Work commenced on the 8,000-seat stadium and leisure centre complex project in December 2017 amid a long-running saga surrounding the future home of the football club, which is currently competing in the National League North, the sixth tier of English football.
The stadium, which is scheduled to open in September for the 2019-20 season, is facing “ongoing uncertainty”, which a club spokesman said is putting pressure on its finances.
The decision to increase ticket prices was originally necessary to cover booking fees associated with the new online ticketing service at the Community Stadium, but with further games being forced to be played at Bootham Crescent, the club has decided to freeze prices for next season.
York City FC said in a statement: “Those increases were no longer justifiable and we felt it only fair on supporters to revert back to last season’s prices.
“There will still be a small booking fee payable for matchday tickets purchased for games at the new Community Stadium in the 2019-20 season (the booking fee is an operational procedure required for the online ticketing service at the new Community Stadium).
“The club wishes to apologise for any inconvenience caused and shares the frustration of our supporters.”

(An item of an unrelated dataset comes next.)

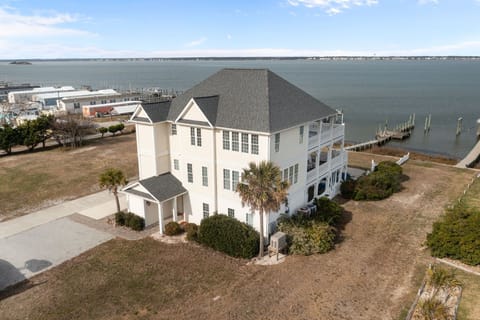 Magnificent waterfront property positioned directly on the bay with private dock access and panoramic water views from this coastal location.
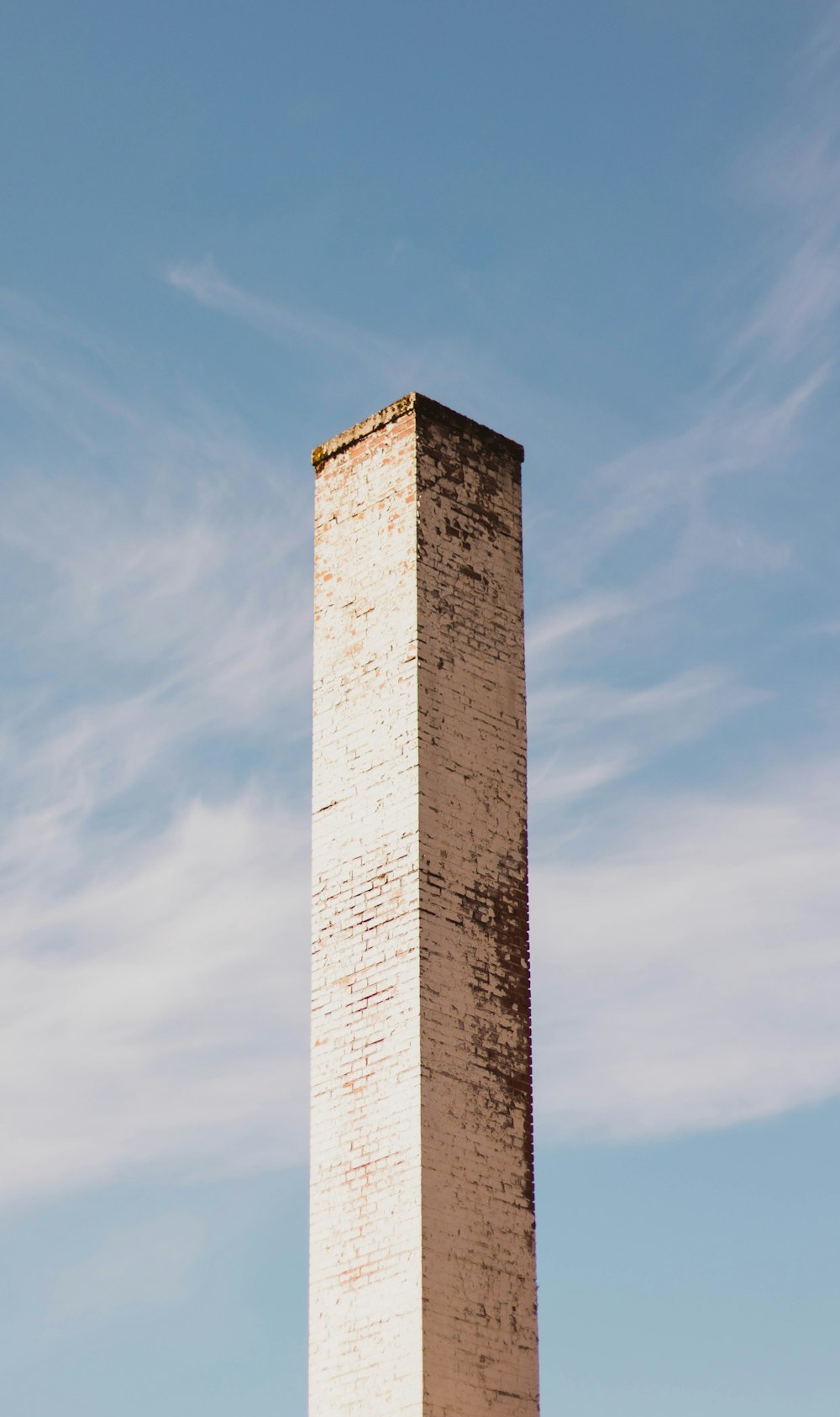 brown concrete tower under blue sky during daytime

Adult early bird season tickets will range between £199 and £275, with child tickets costing up to £80 ahead of the discount deadline on July 20.
An update on the financial state of the project will be revealed to senior councillors at a meeting next week.
According to a City of York Council report, three restaurant units have still not been let out, which could cost the council £1.3m if they are let out at a reduced rate.
In addition, the local authority will be expected to pay Championship rugby league franchise York City Knights, which will be sharing the new stadium with the football club, an extra £15,000 in financial support. This is because delays are forcing the club to play its final two home games at Bootham Crescent, rather than the new stadium.